16. I also do not find that there was material evidence that care from Turkish carers was not reasonably available to the appellants due to a threat of expulsion to them by the Turkish authorities. Country of origin material from human rights organisations relating to the expulsion and refusal to admit Afghan refugees at the border are to be found in the appellants’ supplementary bundle that was before the First-tier Tribunal. However the appellants are not asylum seekers, they are present in Turkey with lawful temporary permits, and the only material identified before me that might relate to those Afghans lawfully in Turkey not on protection grounds is that residency permit registrations would not be accepted from foreigners for any neighbourhood with more than 20% of foreigners. There was no evidence before the First-tier Tribunal however that this was relevant to the appellants’ ability to renew their temporary residence permits.

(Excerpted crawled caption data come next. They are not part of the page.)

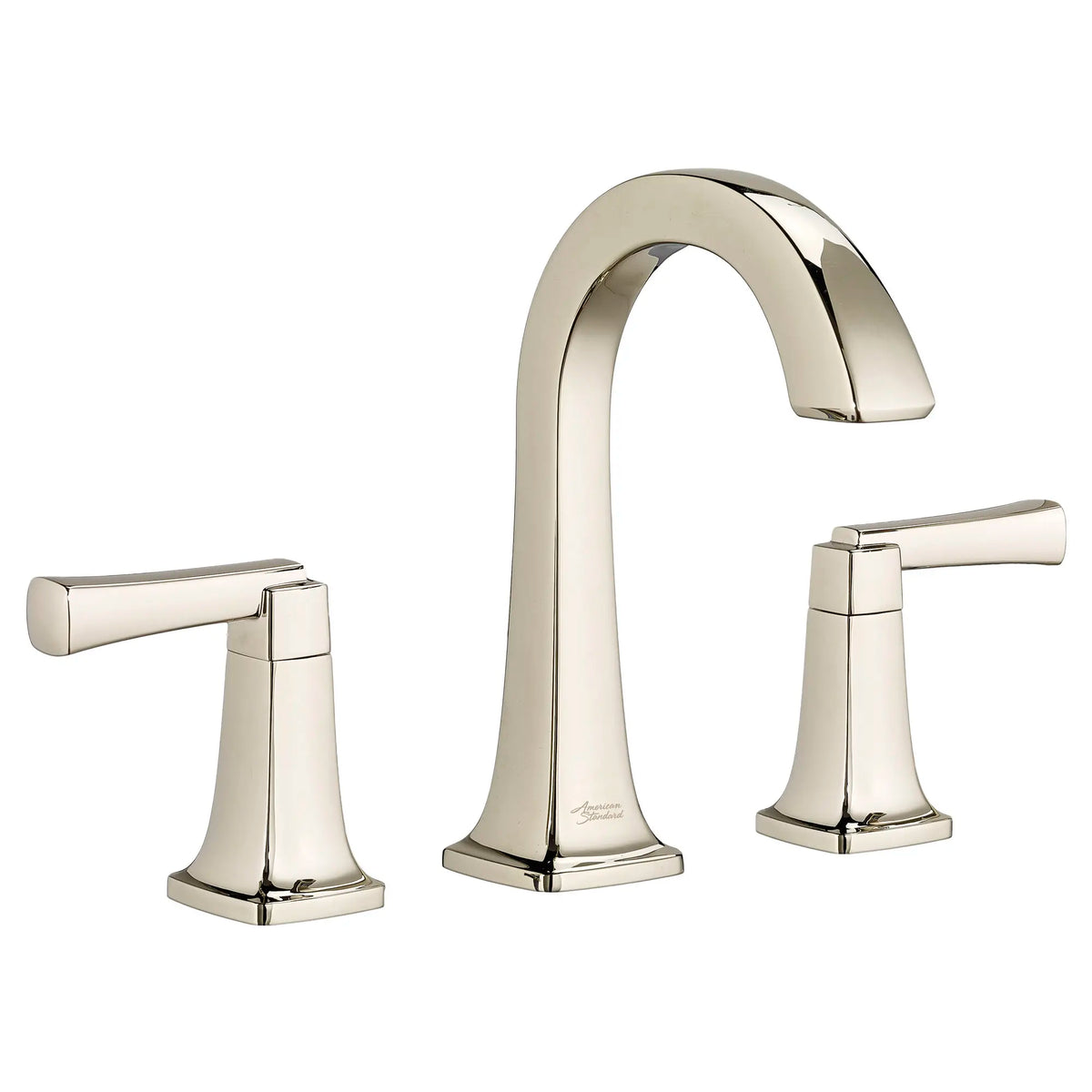 Townsend® - Robinet de salle de bain à 2 poignées espacées de 8 po 1,2 gpm/4,5 L/min avec poignées à levier // NICKEL POLI // 59892_7353801.013_0_CDNwebp_2f8d9871-1332-4a7a-80fe-3cb86a20094d.webp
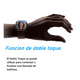 thumbnail image 4 of Wünd T900 pro max Reloj inteligente Smartwatch Bluetooth, Pantalla Táctil de 1.9 pulgadas Sensor Cardíaco y Oxígeno Llamadas Notificaciones Negro, 4 of 5
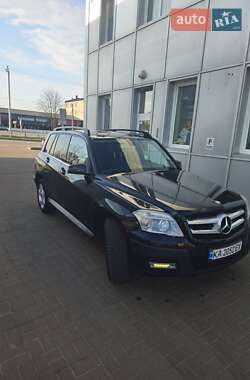 Позашляховик / Кросовер Mercedes-Benz GLK-Class 2010 в Києві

17. It is accepted that the appellants and sponsor have a family life bond at the second paragraph 4 of the decision under the heading Article 8 Rights Outside the Rules. Consideration is given to the stability of the appellants’ situation at the second paragraph 6 of the decision. It is found to be stable with no threat of expulsion, which I find to be a conclusion open to the First-tier Tribunal on the evidence before it for the reasons I have given above. I do not find that there was a failure to have regard to the desire for face to face contact between the appellants and sponsor. The sponsor’s visits on several occasions are recorded at the second paragraph 4, and it was accepted that the current arrangement was challenging at paragraph 6. It was however unarguably open to the First-tier Tribunal to find that the family life ties between the appellants and sponsor were outweighed by the public interest in maintaining immigration control given their inability to demonstrate that they could meet the requirements of the Immigration Rules.
1. The making of the decision of the First-tier Tribunal did not involve the making of an error on a point of law.
2. I uphold the decision of the First-tier Tribunal dismissing the appeal.